The appeal failed and LEWIS HAMILTON was not registered for the opposed goods and services.

Examination of fame

The BoA remarked that the “easiest” way to prove fame would have been for the applicant to conduct an EU-wide survey as at the application date in 2015. The applicant instead filed copious evidence (around 6,000 pages) some of which was specific to Lewis Hamilton, including press coverage, social media and awards, and some of which related more generally to Formula 1, including statistics on its geographical reach, spectator attendance and TV viewing figures.

The BoA critically examined each tranche of evidence.  It noted that F1 Grand Prix coverage is not always aired on free to view TV and in some EU states it is behind a paywall. That affects the level of recognition of individual drivers by the public. The races themselves are limited in number and over the relevant period they took place in only seven member states. Participating drivers came from eleven member states and constructing teams from six, with a degree of overlap.  These statistics were compared unfavourably with the potential reach of footballers whose sport enjoys higher popularity, visibility and audience than F1.

The BoA focussed its attention on Bulgaria, Croatia and the Baltic EU member states, noting that these represent almost a fifth of the number of EU states and they are approximately 5% of the total population. None of them has hosted an F1 race, nor have they ever been home to a participating driver or constructor team.  In contrast to other EU states, the applicant did not provide numerical data for F1 viewers or followers of motor sport in these countries. The figures for visitors to Lewis Hamilton’s website from these countries were described as “not impressive”. Likewise, the percentage population of followers on his Facebook, Instagram and X (Twitter) accounts was either not provided or else amounted to a very small fraction.  Further, Lewis Hamilton’s overall Facebook following was unfavourably compared to that of Lionel Messi who, in 2022, apparently had 17 times more followers.
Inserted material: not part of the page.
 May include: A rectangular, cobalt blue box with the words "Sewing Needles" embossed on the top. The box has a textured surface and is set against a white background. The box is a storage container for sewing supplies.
Even where some evidence was considered positively, such as the number of books published about Lewis Hamilton (“quite impressive”), it was criticised for not being a statistic which applied throughout the EU. There was no evidence to show that readers transcended sports enthusiasts, that the books were translated into the languages of Bulgaria, Croatia and the Baltic states, or that they were read in English by individuals from these countries. Finally, whilst Lewis Hamilton was rated as the world’s most remarkable athlete in 2014, that did not in itself lead to any specific conclusion about his perception in individual member states.

Because of the above, it was held that the applicant had not proved Lewis Hamilton’s fame across the whole of the EU.


Proving fame to the public throughout the EU is a very high hurdle. Looking at the areas where Lewis Hamilton was found wanting, it may be that only a very small number of global superstars meet the required standard. Fame is likely to be more achievable if the area of activity is universally recognised and one to which the public has ready access such as certain forms of entertainment, football, modelling and perhaps politics. Survey evidence as mentioned by the BoA may be considered gold standard but it is notoriously costly to obtain and very often subject to criticism when filed before a tribunal, meaning that real care is needed when formulating questions and approaches. However, if proven, EU fame can be a powerful trade mark weapon in the armoury of the chosen few.